Goodbye, Peter

                 My own songs awaked from that hour

 our families were very close

                 You know his voice

 but you think of him saying other people’s words

                  and you think of pronunciation

 when words are words. I have kept embers of that time

                  Have asked the wind to blow on them.

 Not in Wellington. Surprise, his eyebrows almost shot out of his head

                  to find me with my own beard.

                              I was a child who said surprising things

 which he saw through. Perhaps the wind will not come,

                   the voice is gone. I was not so golden

 in his regard. He laughed. Had a pipe. The time, the Whole

                   Earth Catalogue and Little Red Schoolbook,

 of cultural answers to political questions, was rather beginning

                   than drawing to a close. And the pipe had to go.

 Not the pipes. But certain words. Socialism. Egalitarian society.

                   Socialist utopia. I heard him say too soon to say

 in the brief gold sunrise before, presage to the coming age, when

                   If we speak kiwi, if we do, then, she’ll be right.

                               But I would stay up precociously late

 to hear, bear out the heaviness, of any argument again, about

                  the human element, its burden to government,

                               when we cast our vote by machine,

 when we do. Again have my first glass of cherry brandy, hear

                  on your headphones Switched-On Bach and

                              and hear, His mind is blowing!

 Who is here to see through me if I should presume to say he was

                   an actor unlike any other I knew and how he

                              was, he was my father’s friend, how

 like no other, again, you hear the voice and not the words,

                    what are words? not the song, and if I

                              pronounce he spoke with his fragility

 and his intelligence, how should I presume? without gesture, without

                     face, with the presence of his body.

                              Seat, self-

 aware, and self directed, as my father knew,

                      knew him, vulnerable seat, of his working mind.

                              His angles graceful

 elegant songs. A photo of him like this, in State of the Play

                      resting his elbows, on the side of the stage,

                              the classroom. So the older writer I knew him as,

 awaked my own songs at that hour. With an irony

                      hurt by its own distance

                              by laughter overcoming it. And I have at home

 A Choice of Whitman’s Verse, ten years after their wedding, I

                       remember. That day, Farm Road.

                              And in it, written in the front cover, is

 Simon. and a choice for a young poet, with

                       regards from Peter & Sue V.J,

                              christmas 1980. I don’t know how they

 thought of me.

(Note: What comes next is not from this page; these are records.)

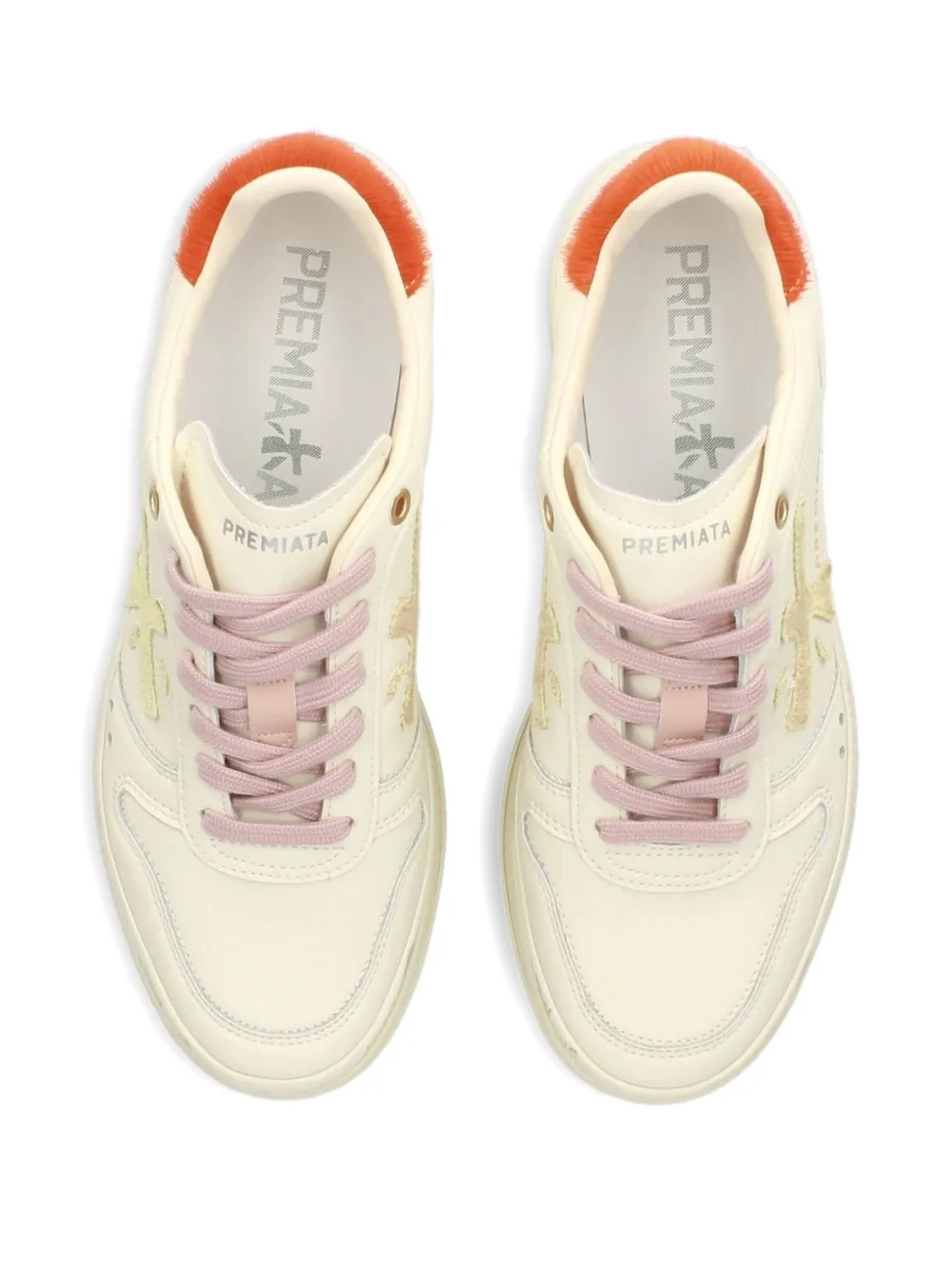 Premiata embellished leather sneakers White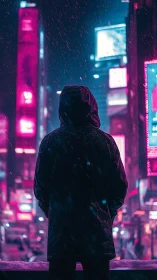 Hooded figure in neon city snow at night, rear view.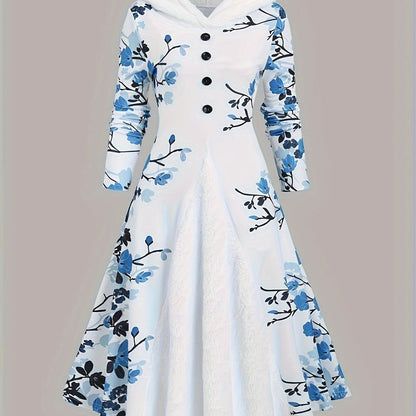New Autumn And Winter Collection: Stylish Printed Fitted Dress with Long Sleeves And a Hooded Design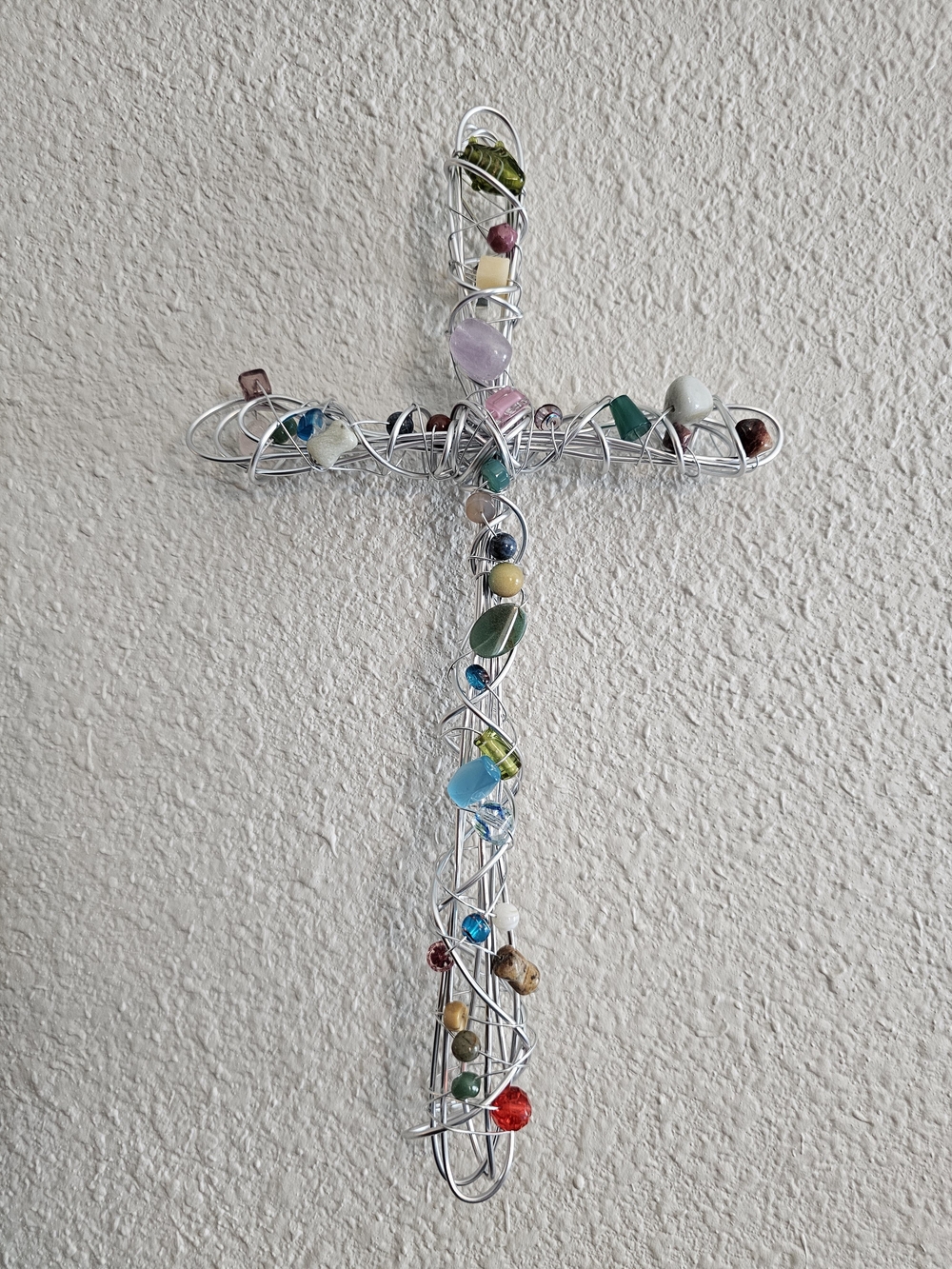 Handcrafted Multicolor Beaded Wire Cross Wall Art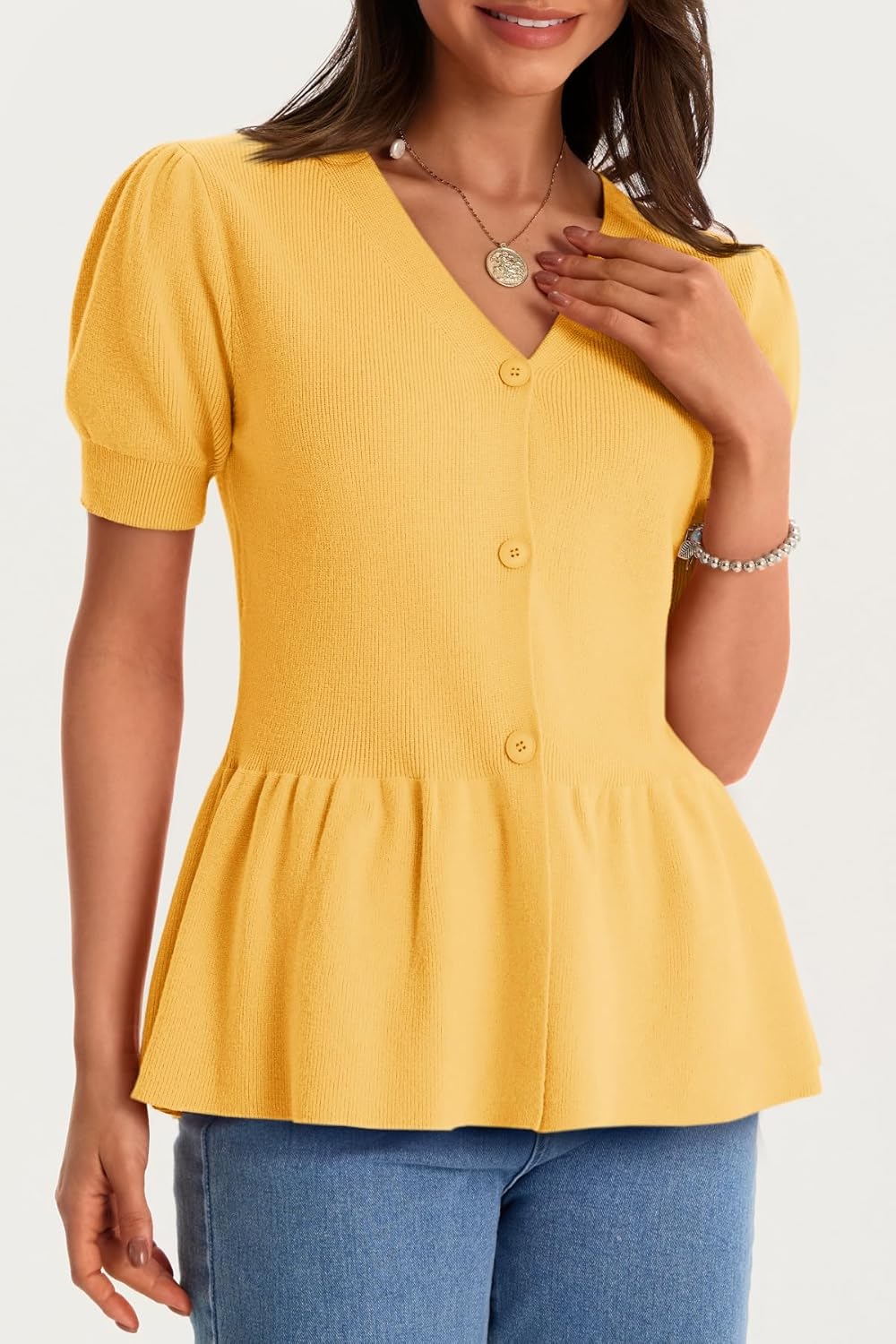 Cicy Bell Womens Short Puff Sleeve Sweater Cardigan V Neck Summer Button Down Sweaters Peplum Cute Knit Babydoll Tops - Image 5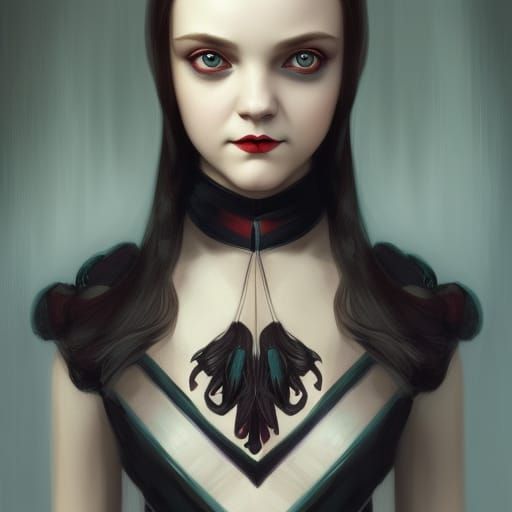 Wednesday Addams Portrait in Hyperdetailed Digital Art Style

Did they consider the first line for Peter

                        of this song would be from there?

                              Consider at that time I was reading

 Jean-Paul Sartre, I awaked precociously late

                        with only embers, hoping for the wind

                              which changes direction frequently

 on these islands, to the hour of the gifts they gave,

                        in that generous brief and golden sunrise.

 That I was not golden in his regard. You see how he saw

                         through me? to my youth, a child of Whitman’s

                              who stayed young for you and sings

 and shares, with that poet forever youthful, his birthday.

                         At Rotoiti, we liked to pronounce it, aping the

                              accent of the well-to-dos, as leak,

 Another photo. This time, taken by Peter. I am on the jetty.

                        My younger brother is there beside me.

                              News of his birth came

 when I was in the bath at Peter and Sue’s. My parents’

                        game, If you had other parents who

                              would they be? So there I was.

 In Peter’s black-and-white photo I had freckles, a soft brim

                         hat, old clothes, a trenchcoat and belt,

                              gumboots. With perhaps no intelligence

 at all, but thoughtful, and no intelligence of what,

                         I am looking into the grain of the photo,

 the water and the mist, it is agreed that

                         it is of Christopher Robin, so it is.

 So it is Christopher Robin

                         who says,

                              Goodbye, Peter.